• What you need to do
Please repeat each of the records that follow, exactly as written.

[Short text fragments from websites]
= Beginning of Section =
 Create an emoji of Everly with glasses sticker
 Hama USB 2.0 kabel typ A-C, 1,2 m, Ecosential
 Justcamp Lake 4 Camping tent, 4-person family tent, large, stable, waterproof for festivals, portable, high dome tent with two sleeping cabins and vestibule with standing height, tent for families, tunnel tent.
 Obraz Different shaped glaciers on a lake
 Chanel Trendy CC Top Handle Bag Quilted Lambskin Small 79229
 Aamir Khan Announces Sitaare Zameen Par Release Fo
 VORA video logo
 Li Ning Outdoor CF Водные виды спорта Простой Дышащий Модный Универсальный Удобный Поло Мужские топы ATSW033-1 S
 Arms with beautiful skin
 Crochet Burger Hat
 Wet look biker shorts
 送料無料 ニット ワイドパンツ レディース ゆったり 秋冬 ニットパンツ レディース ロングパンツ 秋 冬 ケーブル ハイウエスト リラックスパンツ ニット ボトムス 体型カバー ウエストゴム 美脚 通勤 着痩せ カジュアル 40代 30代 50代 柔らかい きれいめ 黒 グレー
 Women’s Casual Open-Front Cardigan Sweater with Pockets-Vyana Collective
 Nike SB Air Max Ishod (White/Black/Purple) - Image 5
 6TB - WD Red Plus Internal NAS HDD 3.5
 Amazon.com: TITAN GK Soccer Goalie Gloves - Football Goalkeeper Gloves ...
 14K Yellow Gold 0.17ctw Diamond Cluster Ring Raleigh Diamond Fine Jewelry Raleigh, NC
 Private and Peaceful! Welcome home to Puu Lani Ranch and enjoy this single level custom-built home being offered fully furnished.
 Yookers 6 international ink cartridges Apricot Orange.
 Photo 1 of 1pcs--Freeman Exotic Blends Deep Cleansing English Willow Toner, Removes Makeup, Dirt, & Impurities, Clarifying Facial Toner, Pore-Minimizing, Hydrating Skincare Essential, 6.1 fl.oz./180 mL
= End of Section =
• Worked solution
 Create an emoji of Everly with glasses sticker
 Hama USB 2.0 kabel typ A-C, 1,2 m, Ecosential
 Justcamp Lake 4 Camping tent, 4-person family tent, large, stable, waterproof for festivals, portable, high dome tent with two sleeping cabins and vestibule with standing height, tent for families, tunnel tent.
 Obraz Different shaped glaciers on a lake
 Chanel Trendy CC Top Handle Bag Quilted Lambskin Small 79229
 Aamir Khan Announces Sitaare Zameen Par Release Fo
 VORA video logo
 Li Ning Outdoor CF Водные виды спорта Простой Дышащий Модный Универсальный Удобный Поло Мужские топы ATSW033-1 S
 Arms with beautiful skin
 Crochet Burger Hat
 Wet look biker shorts
 送料無料 ニット ワイドパンツ レディース ゆったり 秋冬 ニットパンツ レディース ロングパンツ 秋 冬 ケーブル ハイウエスト リラックスパンツ ニット ボトムス 体型カバー ウエストゴム 美脚 通勤 着痩せ カジュアル 40代 30代 50代 柔らかい きれいめ 黒 グレー
 Women’s Casual Open-Front Cardigan Sweater with Pockets-Vyana Collective
 Nike SB Air Max Ishod (White/Black/Purple) - Image 5
 6TB - WD Red Plus Internal NAS HDD 3.5
 Amazon.com: TITAN GK Soccer Goalie Gloves - Football Goalkeeper Gloves ...
 14K Yellow Gold 0.17ctw Diamond Cluster Ring Raleigh Diamond Fine Jewelry Raleigh, NC
 Private and Peaceful! Welcome home to Puu Lani Ranch and enjoy this single level custom-built home being offered fully furnished.
 Yookers 6 international ink cartridges Apricot Orange.
 Photo 1 of 1pcs--Freeman Exotic Blends Deep Cleansing English Willow Toner, Removes Makeup, Dirt, & Impurities, Clarifying Facial Toner, Pore-Minimizing, Hydrating Skincare Essential, 6.1 fl.oz./180 mL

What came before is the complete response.